Photo: Ealan Wingate.
Dorothea Rockburne installing "Intersection" at the Spoleto Festival in 1972.
Roberta hits the nail on its head:
NYTimes: Art Review | 'High Times, Hard Times'
Painting in the Heady Days, After It Was Proclaimed Dead
By ROBERTA SMITH
Published: February 16, 2007 {excerpt}[...] Burdened by a big title that broadcasts a level of ambition and comprehensiveness it does not fulfill, this show arbitrarily skips across the surface of an immense subject while suffering from too much agenda, too little research and inappropriate architecture. The scale and physical eccentricity of the work do not take well to wainscoting and other unavoidable facts of the academy’s busy Beaux-Arts interior. Several paintings are forced onto curved walls.
The show passes over the artists who dominated painting during this period, like Jasper Johns, Frank Stella, Brice Marden, Robert Mangold and Robert Ryman. Young Turks of that moment, like David Diao and Peter Young, are here, but the whole project feels a bit hollow at the center, like a time capsule from a time that didn’t quite exist.
Still, with 42 works by 37 artists, "High Times, Hard Times" is a start and should inspire further attempts. It was proposed by the painter David Reed and assembled by the art historian and critic Katy Siegel in consultation with Mr. Reed. Sketchy as the final outcome often is, they and Independent Curators International are to be commended for tackling a job that a flush New York museum should have taken on about 10 years ago. Whatever its problems, this exhibition demonstrates a central truth: far from being dead during the period in question, painting was in an uproar. [...]

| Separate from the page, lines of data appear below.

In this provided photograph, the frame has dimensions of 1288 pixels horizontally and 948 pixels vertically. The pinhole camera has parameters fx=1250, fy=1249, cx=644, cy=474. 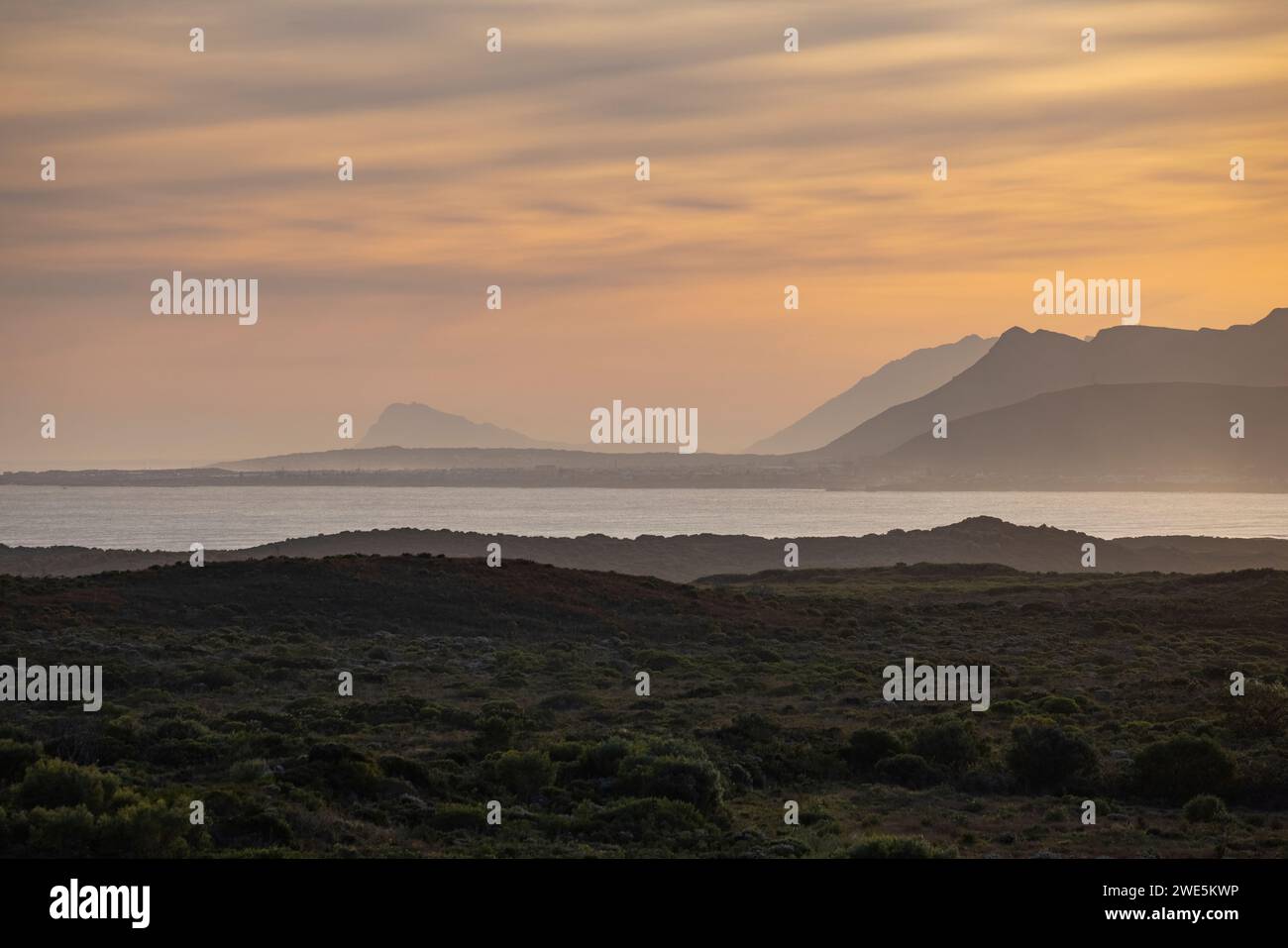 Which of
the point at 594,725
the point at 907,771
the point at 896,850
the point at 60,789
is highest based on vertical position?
the point at 594,725

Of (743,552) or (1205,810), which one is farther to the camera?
(743,552)

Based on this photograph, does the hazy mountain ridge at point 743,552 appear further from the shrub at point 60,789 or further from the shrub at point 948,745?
the shrub at point 60,789

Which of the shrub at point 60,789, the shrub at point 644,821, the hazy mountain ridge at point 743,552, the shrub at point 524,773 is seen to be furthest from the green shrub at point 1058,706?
the hazy mountain ridge at point 743,552

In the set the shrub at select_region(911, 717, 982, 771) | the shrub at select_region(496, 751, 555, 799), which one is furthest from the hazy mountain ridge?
the shrub at select_region(496, 751, 555, 799)

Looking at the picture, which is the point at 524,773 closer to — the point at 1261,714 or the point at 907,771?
the point at 907,771

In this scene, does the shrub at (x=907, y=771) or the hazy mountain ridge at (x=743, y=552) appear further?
the hazy mountain ridge at (x=743, y=552)

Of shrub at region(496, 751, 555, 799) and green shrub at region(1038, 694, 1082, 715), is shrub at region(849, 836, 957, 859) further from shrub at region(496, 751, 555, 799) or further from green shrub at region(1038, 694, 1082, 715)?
green shrub at region(1038, 694, 1082, 715)

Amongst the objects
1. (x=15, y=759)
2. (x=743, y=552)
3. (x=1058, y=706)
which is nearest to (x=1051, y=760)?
(x=1058, y=706) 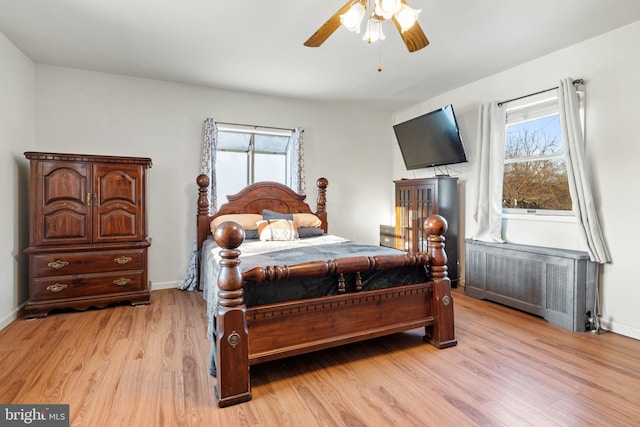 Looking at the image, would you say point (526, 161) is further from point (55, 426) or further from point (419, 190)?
point (55, 426)

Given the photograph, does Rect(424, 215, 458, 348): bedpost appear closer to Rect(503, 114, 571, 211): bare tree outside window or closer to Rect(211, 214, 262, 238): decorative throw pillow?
Rect(503, 114, 571, 211): bare tree outside window

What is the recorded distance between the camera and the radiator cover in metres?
2.91

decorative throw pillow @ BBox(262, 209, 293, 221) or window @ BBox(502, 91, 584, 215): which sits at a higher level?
window @ BBox(502, 91, 584, 215)

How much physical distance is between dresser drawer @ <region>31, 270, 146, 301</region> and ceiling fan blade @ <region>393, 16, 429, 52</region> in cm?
338

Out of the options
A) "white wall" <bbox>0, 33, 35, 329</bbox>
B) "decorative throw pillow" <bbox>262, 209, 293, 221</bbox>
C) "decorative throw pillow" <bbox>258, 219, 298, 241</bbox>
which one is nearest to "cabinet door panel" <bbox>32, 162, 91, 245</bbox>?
"white wall" <bbox>0, 33, 35, 329</bbox>

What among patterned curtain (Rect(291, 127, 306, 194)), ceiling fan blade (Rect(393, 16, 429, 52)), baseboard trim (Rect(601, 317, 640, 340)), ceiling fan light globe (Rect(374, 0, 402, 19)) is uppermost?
ceiling fan blade (Rect(393, 16, 429, 52))

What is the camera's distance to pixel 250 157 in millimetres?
4797

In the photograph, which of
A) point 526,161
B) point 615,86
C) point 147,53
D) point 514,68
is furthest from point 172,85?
point 615,86

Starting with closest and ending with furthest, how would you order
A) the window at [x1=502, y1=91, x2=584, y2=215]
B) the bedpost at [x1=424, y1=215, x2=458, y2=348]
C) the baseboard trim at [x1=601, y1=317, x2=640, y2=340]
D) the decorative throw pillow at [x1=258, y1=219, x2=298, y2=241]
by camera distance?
the bedpost at [x1=424, y1=215, x2=458, y2=348]
the baseboard trim at [x1=601, y1=317, x2=640, y2=340]
the window at [x1=502, y1=91, x2=584, y2=215]
the decorative throw pillow at [x1=258, y1=219, x2=298, y2=241]

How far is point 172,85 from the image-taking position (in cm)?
426

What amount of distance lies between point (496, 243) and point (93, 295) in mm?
4355

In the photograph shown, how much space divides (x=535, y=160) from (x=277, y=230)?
9.76ft

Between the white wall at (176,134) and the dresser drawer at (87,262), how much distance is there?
66 centimetres

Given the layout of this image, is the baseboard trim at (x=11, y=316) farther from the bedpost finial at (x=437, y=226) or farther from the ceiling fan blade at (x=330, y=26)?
the bedpost finial at (x=437, y=226)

...this exhibition, pulled off by a small nonprofit art organization with no gallery space of its own, has taken the plunge, and it suggests all kinds of possible exhibitions: surveys of Ralph Humphrey's or Ms. Fishman's career, for example, or of New York painting in the late 1970s and even the '80s. Perhaps it will remind New York’s big museums to think outside the box of the blue-chip retrospective or the sampling of current gallery trends and examine painting’s neglected recent past in ways that might benefit its present and future.